Finding, developing, and retaining top talent is a top-priority challenge for companies. In a recent study, 83% of HR professionals said they had difficulty finding suitable candidates for roles in the past 12 months.
Skills as a key management focus has been garnering a lot of headlines, as business leaders address the realities of a rapidly changing marketplace. A recent Deloitte survey of 1,200 business executives across the globe revealed that 90% of business executives worldwide are actively experimenting with skills-based approaches across a wide range of workforce practices. The vast majority of those executives indicate that skills are important for the way they define work, deploy talent, manage careers, and value employees.
The heart of a skills-based people strategy
A skills-based people strategy places capabilities at the forefront of talent management. Instead of solely relying on traditional job titles or academic qualifications, leaders identify and nurture individual skills that align with organizational goals.

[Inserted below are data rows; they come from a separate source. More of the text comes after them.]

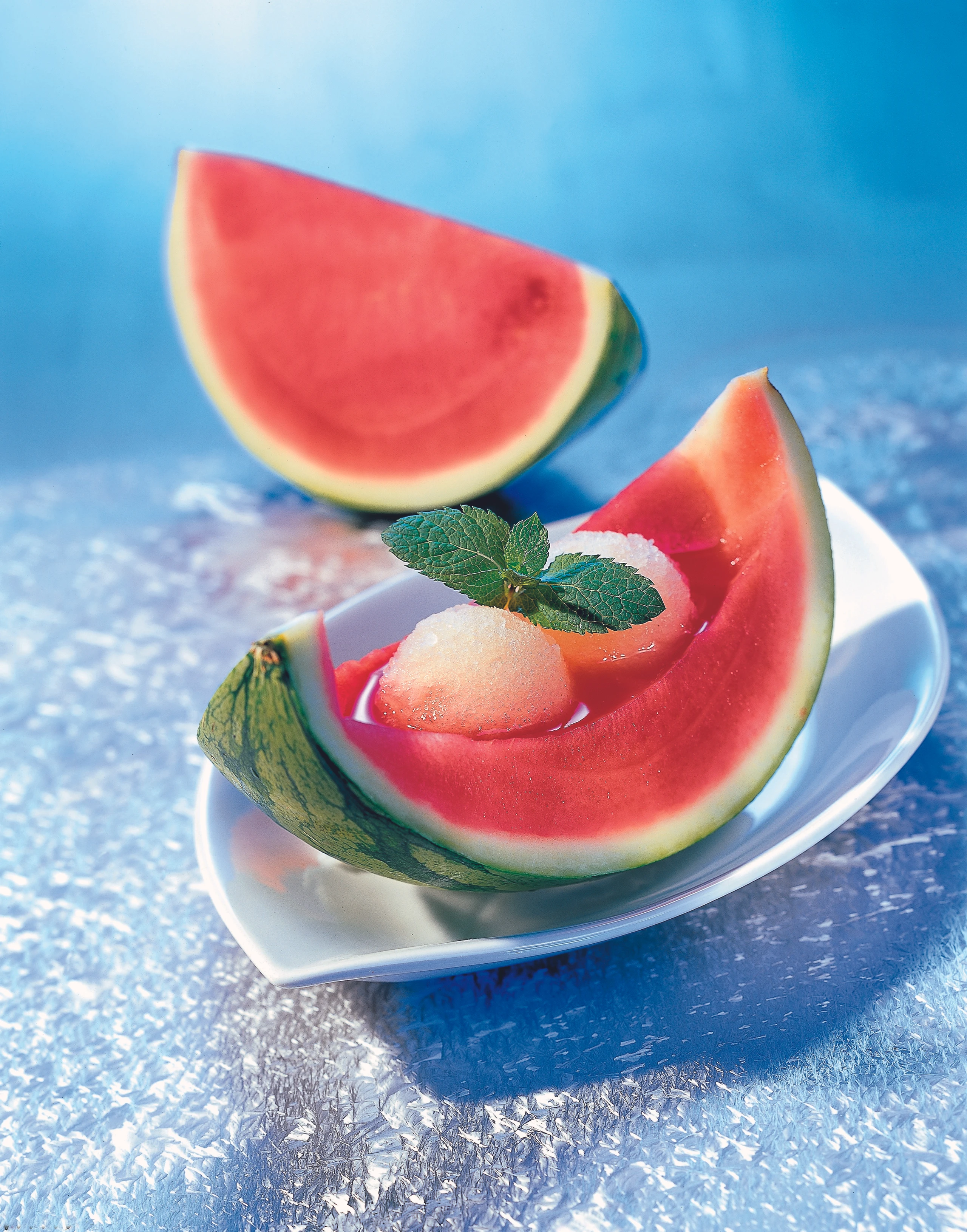 Minze-Sorbet und Melonensuppe im Melonenboot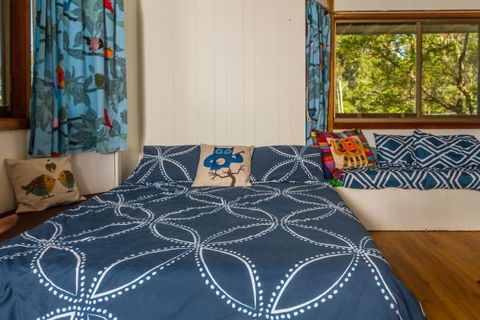 Daisy's Cottage - Tourism Cairns 0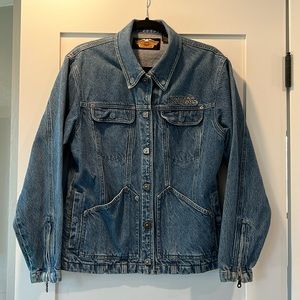 Vintage Harley Davidson Jean jacket. Women’s size large.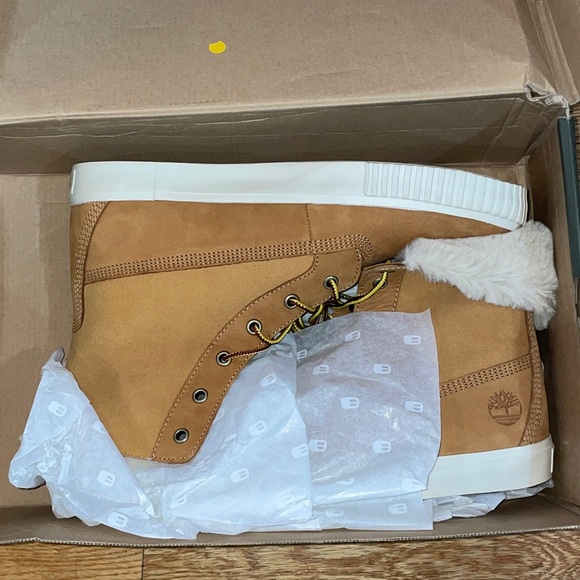 NEW Timberland Women's Timberland Women's Skyla Bay Fleece Fold-Down sz 11 - Picture 13 of 17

By emphasizing skills, organizations can optimize talent allocation, develop robust learning and development programs, and create a culture of continuous improvement.
Leading companies recognize that people bring a diverse range of talents and experiences to the table which can contribute to the overall success of a company. They seek out hidden sources of talent within their organization to address emerging needs.

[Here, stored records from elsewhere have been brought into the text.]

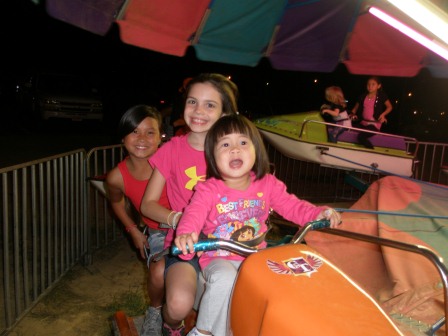 Kasen, Karis and Elizabeth at the Warren County Fair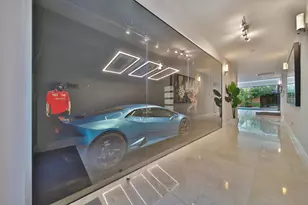 5419 John Dreaper Dr, Houston, TX 77056 - Photo 2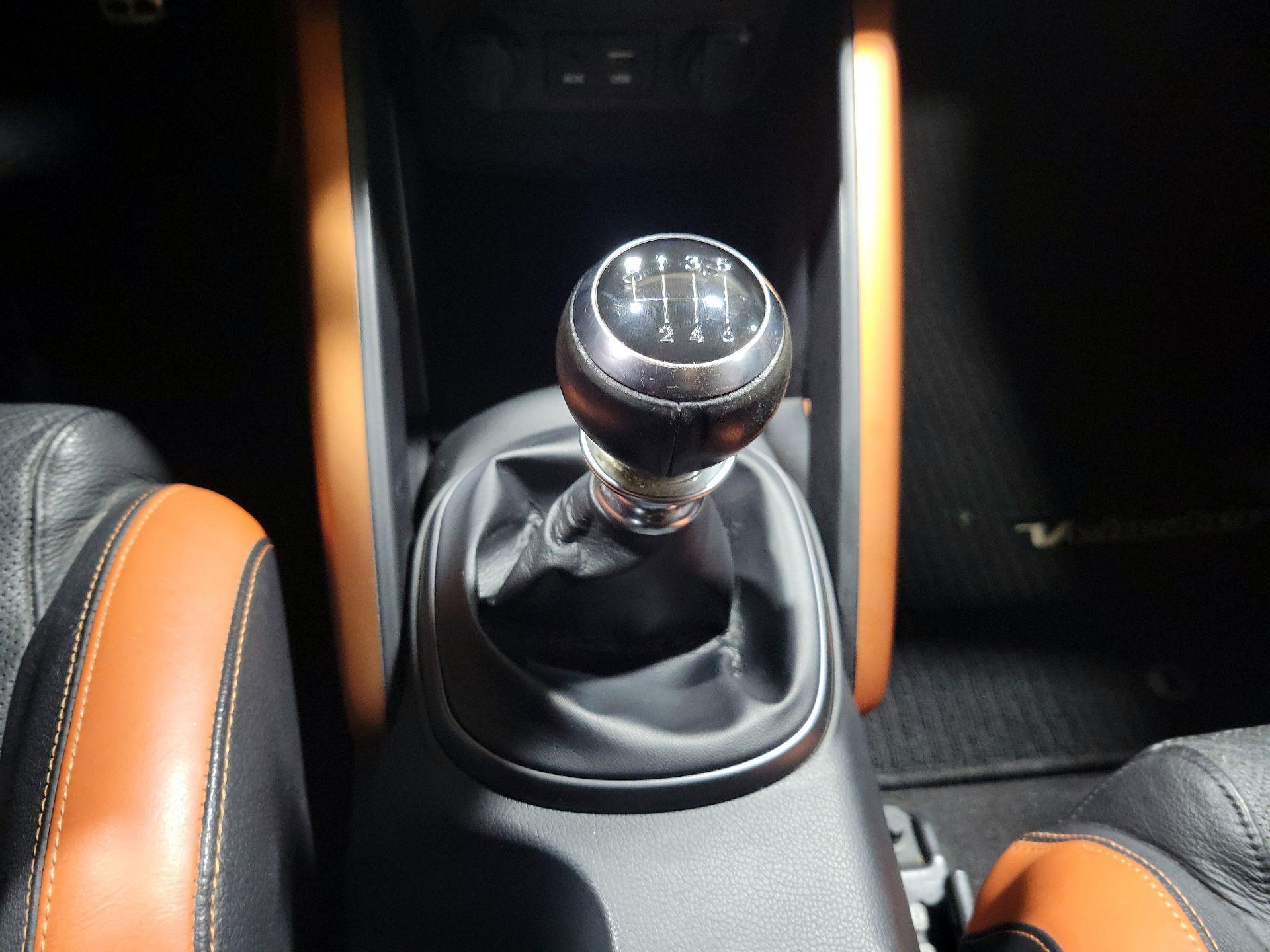 Thumbnail: 2016 Hyundai Veloster - 17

Home is where the skill is
Rather than exclusively bringing in skills from the outside, giving existing employees the first shot at learning and applying new skills creates an atmosphere of personal growth and opportunity. Recent trends indicate that people increasingly tend to stay in their jobs due to a variety of factors, including a dramatic drop in job postings and a decline in pay growth. This creates an ideal opportunity to create new development opportunities for existing employees.

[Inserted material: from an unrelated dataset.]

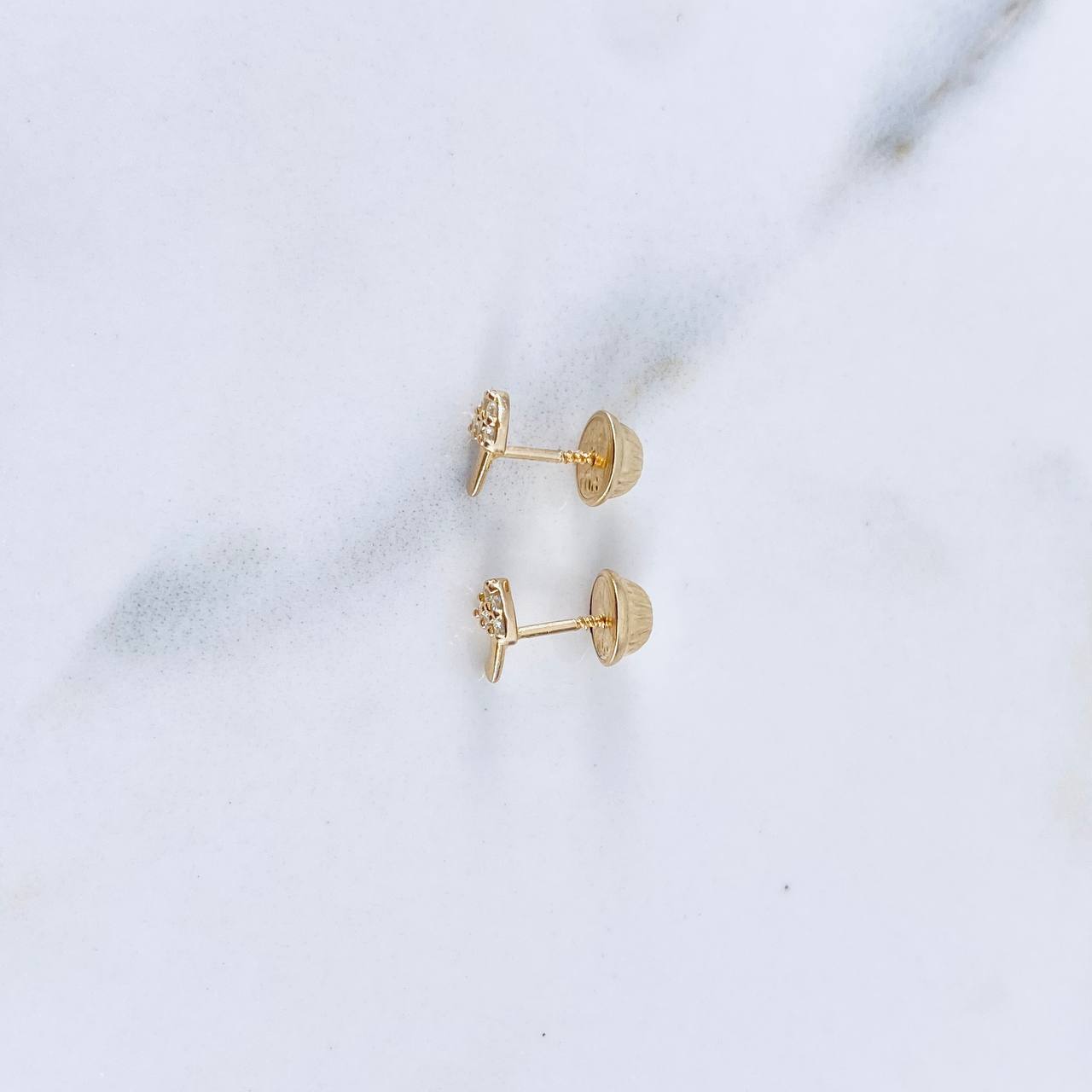 Topos Hongo 0.7gr / Circones Blancos Oro Amarillo 18K &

Reskilling and reimagining jobs can ward off complacency among workers and inject excitement that aligns with the company’s mission and purpose. The more business leaders can identify what each employee’s most-satisfying skills are, the better they will match the right people with the opportunity to develop skills needed for the business to succeed.
This also provides opportunities for individuals to serve in a variety of roles that may be new and energizing for them. As teams are assembled to innovate and solve new challenges, ensuring that team members have complementary values and needs is ideal to generate optimal results. According to Josh Bersin, “By unleashing the power of the human spirit, companies can go faster and farther than ever expected. “
Context is decisive
While the debate rages on about the right mix of in-person, hybrid, and remote work, flexible policies that cater to the work styles of people and teams taking on important skill-building work can make all the difference. Josh Bersin recommends an emphasis on culture over rules: “The credo of every leader should center on respect, flexibility, and fairness rather than inflexible processes and hard-and-fast rules.”
Creating the right balance of structure and autonomy, fun and focus, quiet and commotion for a team can make all the difference in creating an environment conducive to self-expression, learning, and productivity. Even the process of experimenting with different contextual factors and giving team members a say in decisions can elevate the sense of commitment and purpose of a group.